Outside of natural resources the Malian government is taking steps to bring about structural reform. Improvements to the road network, banking sector, and programs to increase the role of the private sector in the national economy should stimulate growth. The government is also investing in the travel/tourism industry in the form of favourable tax treatment and the creation of Compagnie aérienne du Mali, which offers direct flights from Paris[4]. There has also been a trend for citizens of Mali to form organizations to limit corruption in the country. “Various associations have come into being, including, amongst others: i) TransparencyMali; ii) the national watch for the fight against corruption; and iii) the Malian network of journalists against corruption.”[5]

How does Groupe Zirasun stand to benefit from the economic trends described above? Increased transparency in financial institutions, better road networks, and increased foreign investment will lead to economic growth. OECD projections show continued growth near 5% annually for the next 3 years. Obviously a growing economy is good for any company operating in Mali. However, Groupe Zirasun may benefit more than most from this growth.

  1. Mali has demonstrated a high level of acceptance for wireless technology. The CIA’s factbook states that as of 2005 there were 869,600 cellular phones in use versus 75,000 landlines, a ratio of approximately 11.6:1. The same ratio in Canada was 0.89:1. This discrepancy parallels the acceptance of mobile communications in general in West Africa. Mobile communications are so popular because of the lack of land-based lines of communication. In countries where road networks, banking systems and access to drinking water are issues, it is unlikely that government or industry will spend to develop hardwire communications infrastructure when a more practical, and cheaper, alternative is already available. Therefore, as foreign investors set up new offices in city centres or remote locations, companies like Groupe Zirasun will be called upon to provide communications solutions. Groupe Zirasun can view the communications of mining companies who will have to operate in remote locations, as strong opportunity for growth.
  2. The demand for electricity in Mali means that companies who can provide services that use a limited amount of energy, or are self-sustaining, will be in greater and greater demand. Groupe Zirasun’s experience in dealing with communications systems based on alternative power sources should create an opportunity in dealing with SMEs. In particular, Groupe Zirasun is uniquely positioned to take advantage of e-agri business development.[6]
  3. Groupe Zirasun, with the help of Adapted Consulting, will have a great deal of exposure to, and understanding of western style business practices.

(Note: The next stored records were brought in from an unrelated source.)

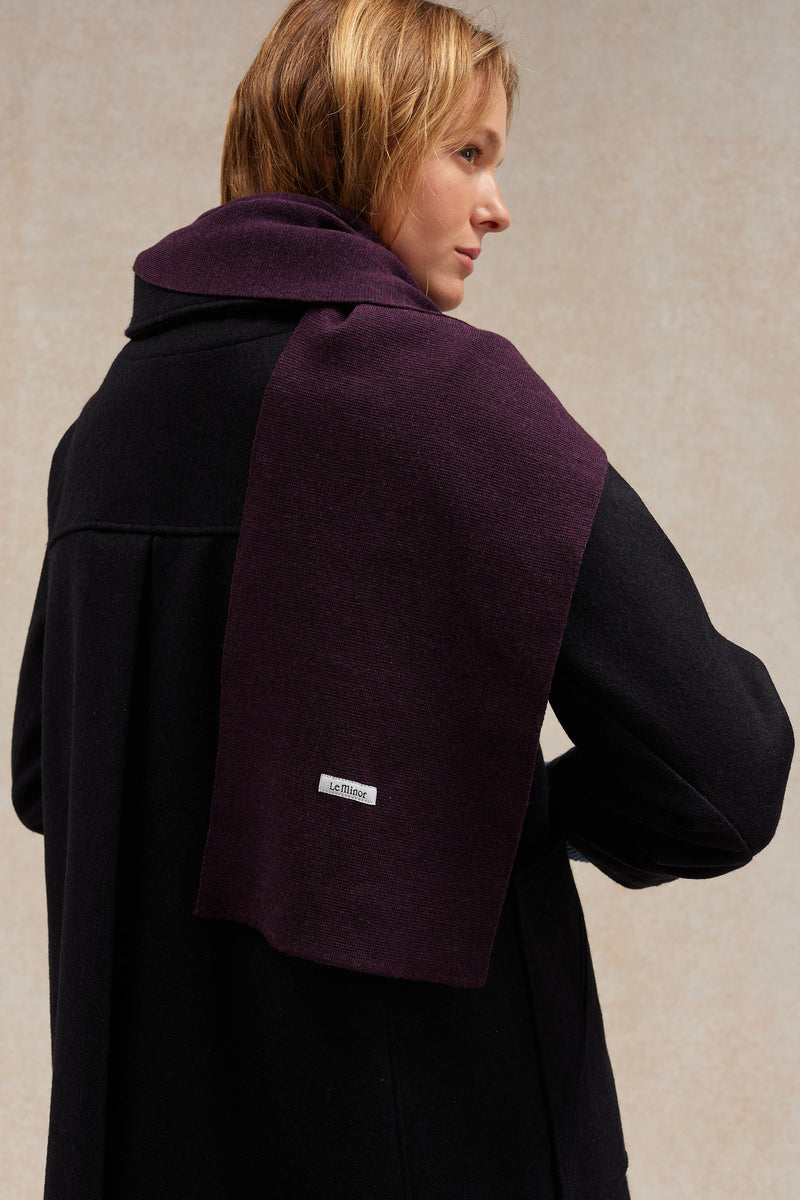 Écharpe fine mixte prune en maille Milano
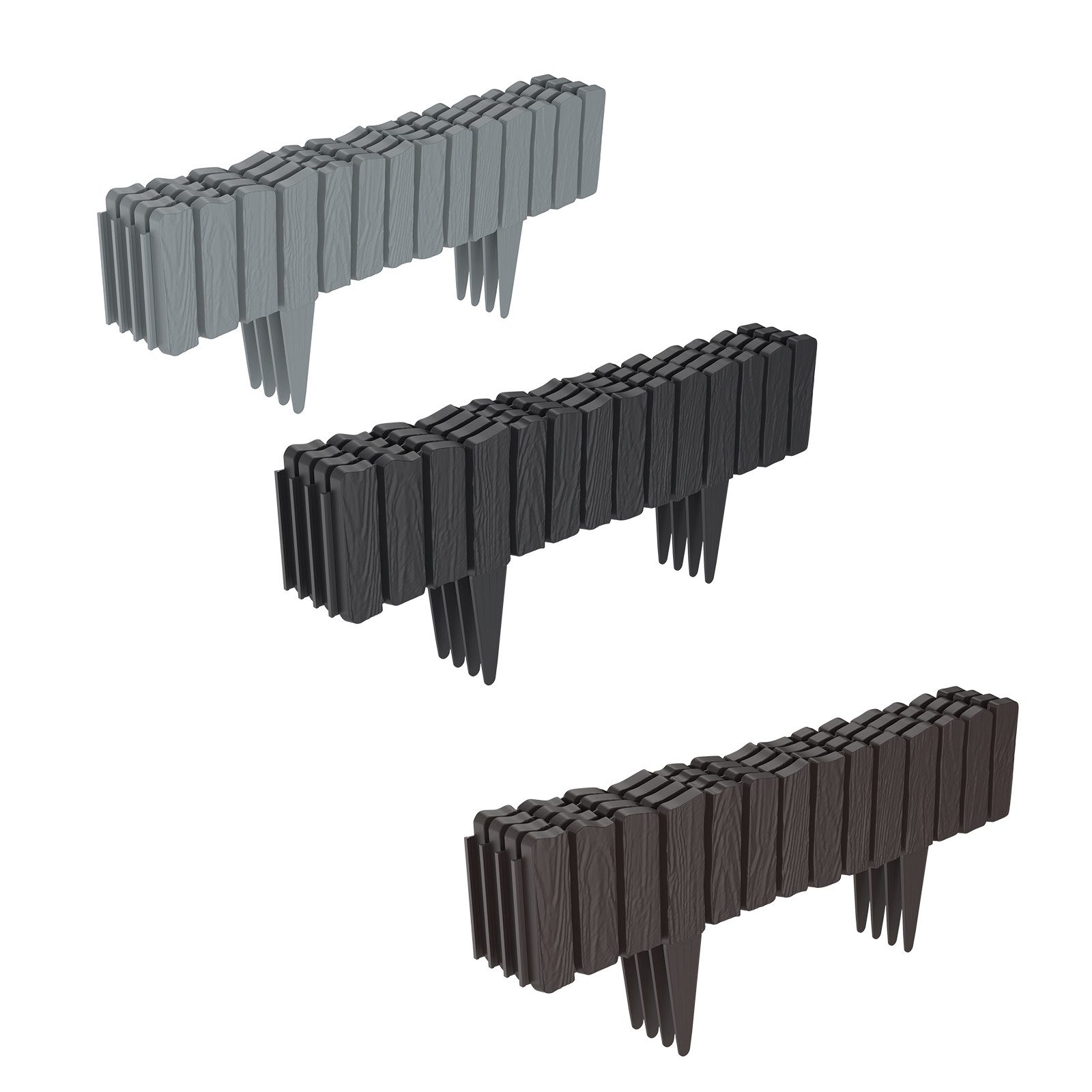 Beetumrandung 2,3m/4,6m Rasenkanten Kunststoff Beeteinfassung, Anthrazit/Braun/Grau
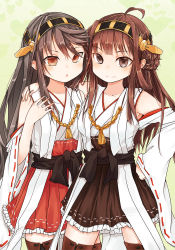 Rule 34 | 10s, bare shoulders, black hair, blush, breasts, brown eyes, brown hair, detached sleeves, double bun, hair ornament, hairband, haruna (kancolle), headgear, highres, japanese clothes, kantai collection, kongou (kancolle), long hair, nontraditional miko, open mouth, personification, skirt, smile, thighhighs, zuoweisaib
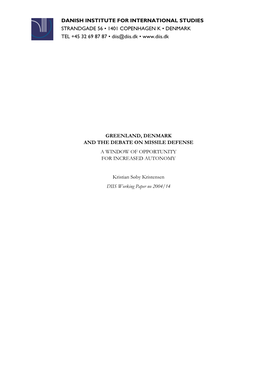 Greenland, Denmark and the Debate on Missile Defense a Window of Opportunity for Increased Autonomy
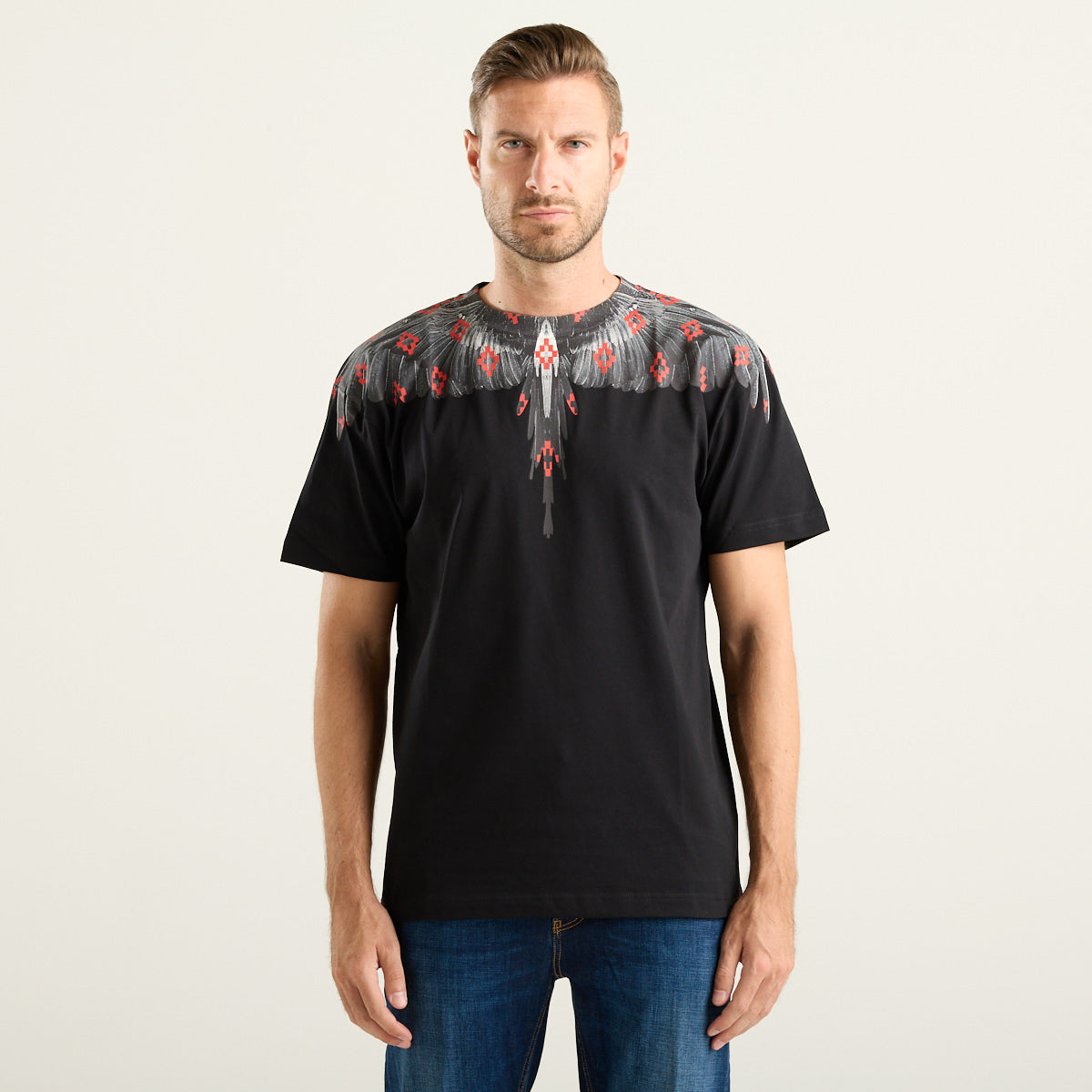 Marcelo Burlon Wings T-Shirt Uomo Nera con Stampa Rossa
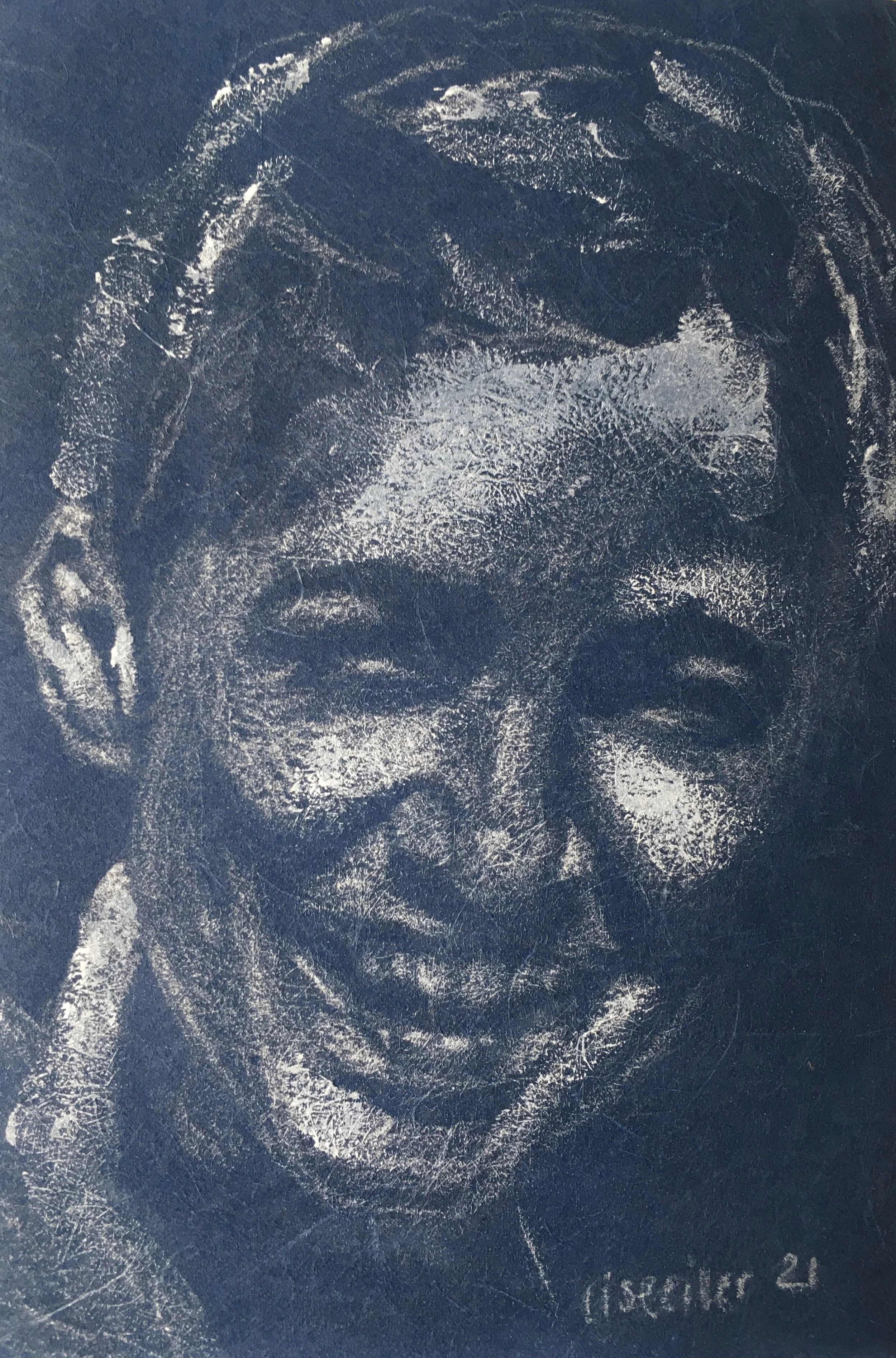 Otto, 2021, hvid blyant på blåt strukturpapir, 18 x 13 cm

This means they will be more prepared to deal with the demands of foreign investors, both in terms of service delivery and in terms of business to business interaction.
Criteria 3: Are the barriers to enter this market too high?

How susceptible is the organization to the primary risk factors and impediments to success in their country?

The major risk factor in the Malian economy is the exposure to commodity prices. Gold and cotton prices are particularly important for economic growth. In addition to commodity prices Mali is also heavily reliant on foreign aid. Mali is also landlocked. Due to the economy’s heavy reliance on exports, port access is critical. In 2004, turmoil in Cote D’Ivoire limited Mali’s access to ports in that country and economic growth slowed as a result. Despite efforts of the Malian government to improve the road network leading to a number of ports in neighbouring countries, the 2004 experience shows the economic vulnerability created by being landlocked.

How do these risk factors affect Groupe Zirasun? The economic slowdown that would be created by not having access to ports would affect demand for all goods and services. However, Group Zirasun has almost no direct exposure to the problem of limited port access. As a service provider operating entirely within West Africa, port access only becomes a problem deliveries cannot be made by overseas suppliers. As is in the case of port access Groupe Zirasun has only indirect exposure to fluctuations in commodity prices. However, since foreign investment in mining will be a large source of foreign investment large fluctuations in gold prices will reduce the number of potential new clients for Groupe Zirasun.

Criteria 4: Can the organization be structured to better serve new markets?

Does the organization operate in a manner consistent with C.K. Prahalad’s Twelve Principles of Innovation for BOP Markets? If not, can the organization be changed to do so?

The most applicable of Prahalad’s principles of innovation are:

i) Focus on price performance of products and services – by hiring interns and introducing pay incentives unique among Malian companies, Zirasun can achieve very good price performance.

ii) Innovation requires hybrid solutions. BOP consumer problems cannot be solved with old technologies – Zirasun’s strength relies on delivering unique, flexible technological solutions.

iii) As BOP markets are large, solutions that are developed must be scalable and transportable across countries, cultures, and languages – The Groupe Zirasun offering to their customer offers precisely this

iv) All innovations must focus on conserving resources: eliminate, reduce, and recycle – in a recent analysis conducted on Groupe Zirasun a recommendation was made to operate as an internet café during downtime to supplement overhead charges, thereby reducing

v) Deskilling work is critical – the goal of Adapted consulting in their assistance to Groupe Zirasun is to develop a system of accounting where work can be deskilled and compartmentalized so that even otherwise untrained interns can perform Zirasun’s accounting tasks.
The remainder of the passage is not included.